You know that your business is worth at least the fair market value of the assets minus the payout value of the liabilities. If you have been working to systematize and grow your business, it will be worth substantially more. Undervaluing your business can have serious consequences on your retirement lifestyle, so it pays to do your homework and get professional help.
Getting ready for the sale
There are many things that you will have to do before putting any exit strategy in place, especially if you will be selling to outside buyers.
The first thing that you need to do is to assemble your team of experts. This will most likely include your accountant, lawyer, financial planner, and perhaps a business valuator and broker. Make sure that all parties know your goals for the buy out and that they are all working in tandem to meet those goals. Your accountant will help you to steer through all of your choices surrounding how to structure the sale and how to take payment. There will be practical decisions as well as taxation implications. Your lawyer will help you to structure the legal side of the sale and will help you interpret offers as they come in. Your financial planner will look at your post-business goals and will help you determine what income level you will need in order to maintain your desired lifestyle (margaritas can get expensive!).
Your accountant will most likely recommend that you prepare some financial information for the pending sale. Much like a real estate broker would suggest to you that you put a fresh coat of paint on your house and maybe plant some flowers outside before bringing buyers through, your accountant will recommend that you show potential buyers of your business what it might look like once they take over. You will have run your business in a way that suited you. You may have had the goal of minimizing tax or employing your family. These decisions might not be made the same way by the new owner. Your accountant will get you to normalize your financial statements; in other words, recast them without all of the discretionary activity. If your spouse is on the payroll, remove the expense related to that. If you pay yourself high dividends, restate the financials without them. Keep in mind, however, that you need to be up front with potential buyers about the changes you have made and how those statements differ from ones you have prepared for taxation purposes.
The mechanics of the sale
A sale can happen in one of two basic ways: either through the sale of assets or the sale of shares.
If your business is unincorporated, you will be selling the assets of the business. The buyer may choose to take on some or all of the business’s liabilities rather than coming up with a lot of cash up front. Your lawyer will ensure that your name is removed from those liabilities so that creditors cannot come after you later if the new owner stops paying them.
If you own a corporation, you can either sell the assets of the business or the shares of the corporation. Each has its own tax consequences and your accountant will help you weigh the pros and cons of each. If you are passing on your business to your children, there are many sophisticated ways to transfer shares and your accountant will advise you on the various methods. You may choose to structure the arrangement, for example, so that you are still a shareholder (albeit one who no longer works in the business) and will receive a monthly income for the rest of your life in the form of dividends.
Once you and a buyer agree on the nature of the sale, you must decide how you will receive the funds: either all up front or over time.
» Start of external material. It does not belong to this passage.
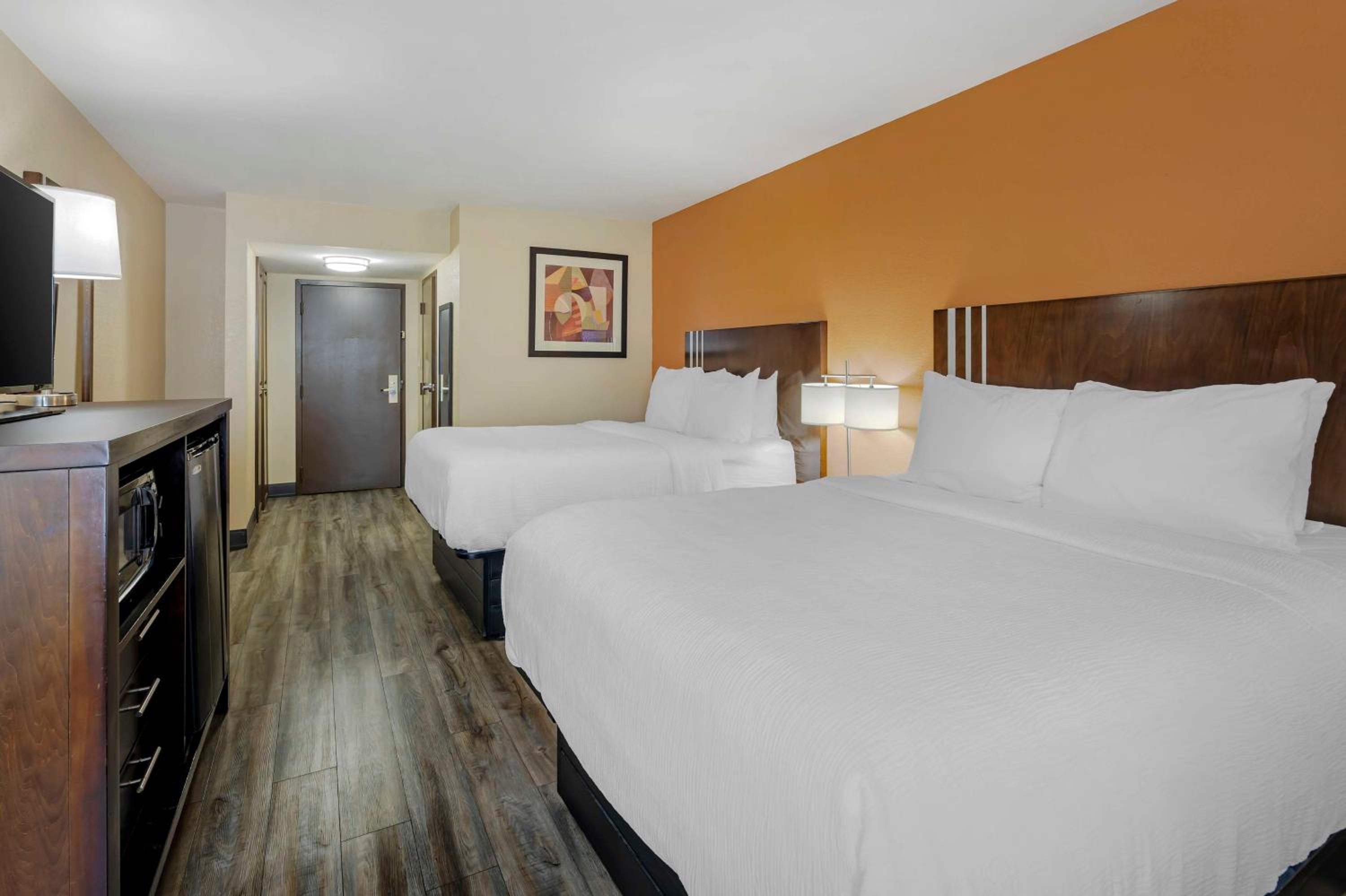 Queen Room With Two Queen Beds - Non-Smoking photo 3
Again, tax considerations come in to play here, but you must also consider the risk of financing part of the sale. If, for example, you agree to receive $50,000 up front and $5,000 a month for 12 months, you are betting the farm on the fact that the new owner will still be in business a year from now. What if he or she runs the business into the ground? Or declares bankruptcy? You will lose some or all of the sales proceeds and may find yourself having to start up another business rather than lying on the beach. Your lawyer can help mitigate some of that risk through the structuring of the agreement.
Once the business has been sold, financial planning becomes a key issue, especially if you plan to retire. You are now dealing with a fixed amount of funds (which can grow through prudent investing) and you and your financial planner will have to make sure those funds plus your other sources of savings will last you for the rest of your life and be able to provide you the retirement lifestyle of your dreams.